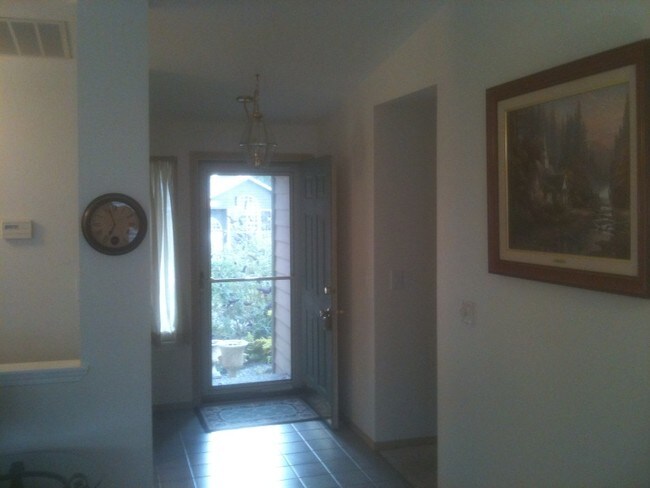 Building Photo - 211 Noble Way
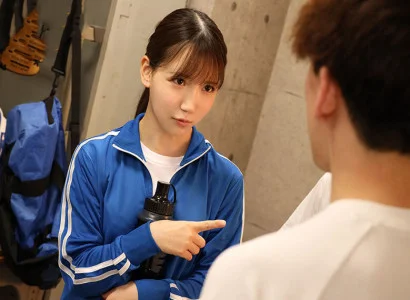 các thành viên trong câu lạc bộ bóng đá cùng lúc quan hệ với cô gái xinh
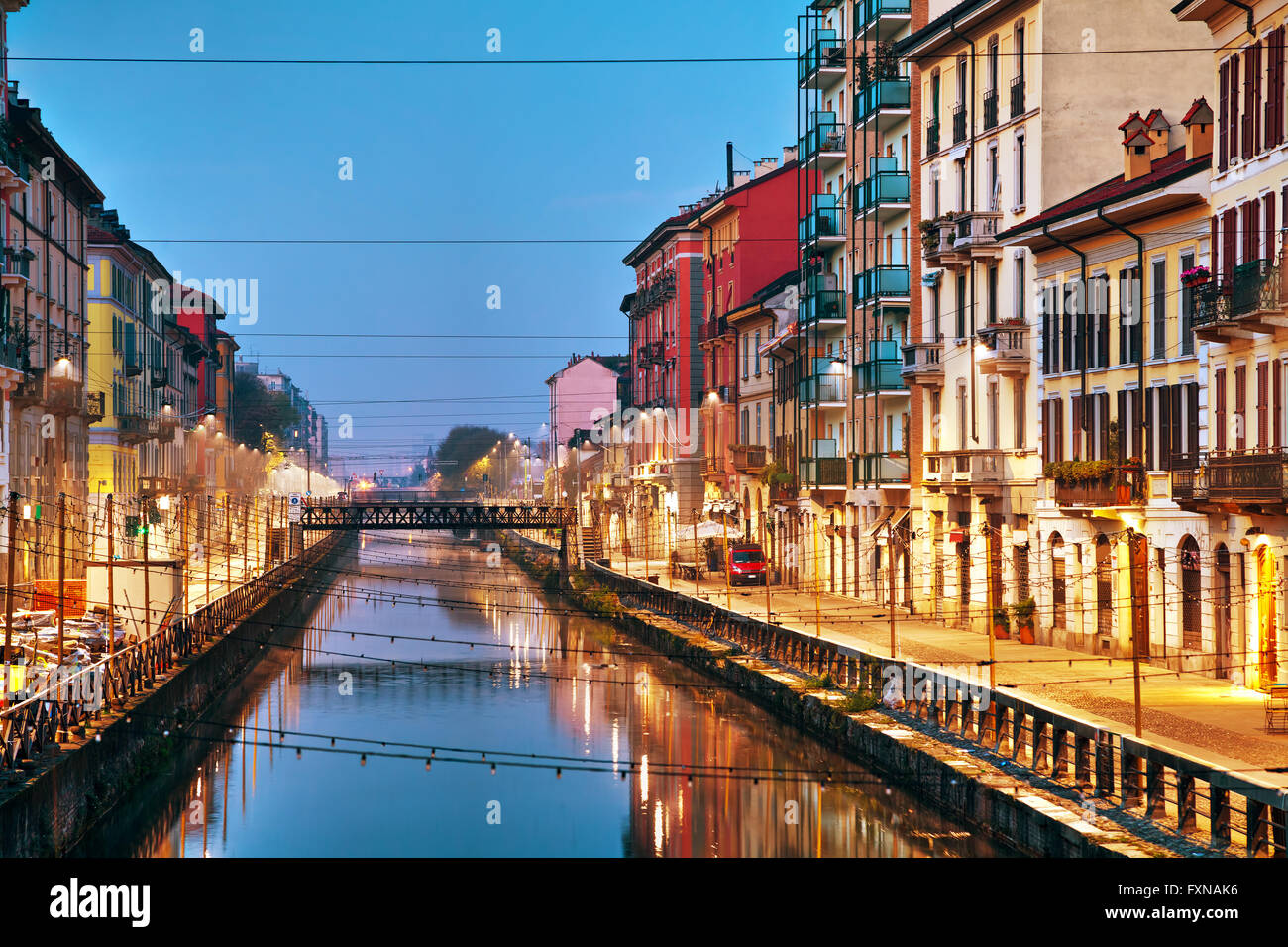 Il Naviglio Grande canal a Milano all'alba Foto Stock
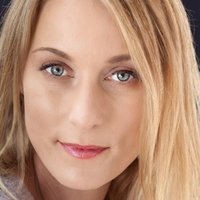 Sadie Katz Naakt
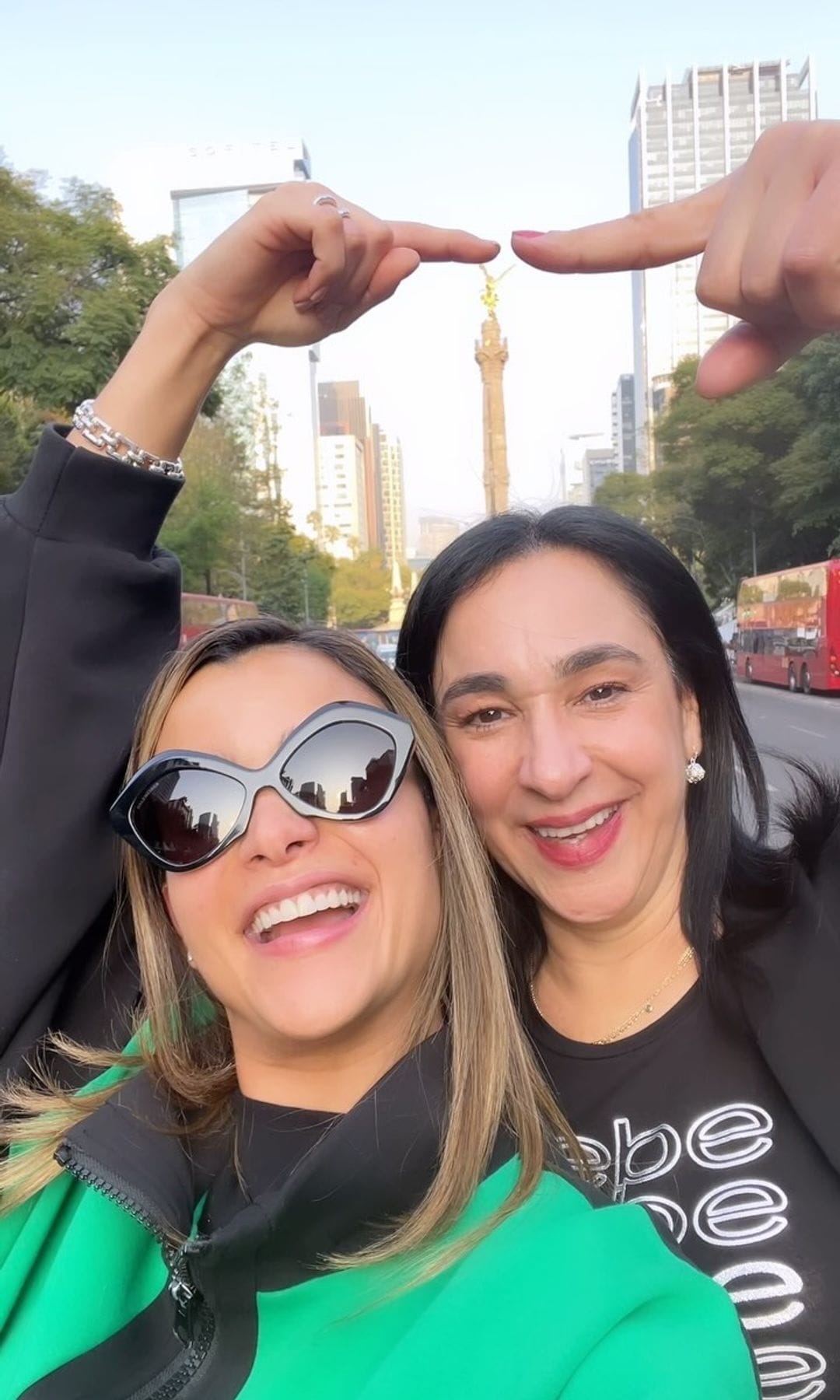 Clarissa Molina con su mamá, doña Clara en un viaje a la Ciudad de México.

——————

Every record gets retyped exactly; no picture goes into the copy.

 Building Photo - 211 Noble Way
 các thành viên trong câu lạc bộ bóng đá cùng lúc quan hệ với cô gái xinh
 Il Naviglio Grande canal a Milano all'alba Foto Stock
 Sadie Katz Naakt
 Clarissa Molina con su mamá, doña Clara en un viaje a la Ciudad de México.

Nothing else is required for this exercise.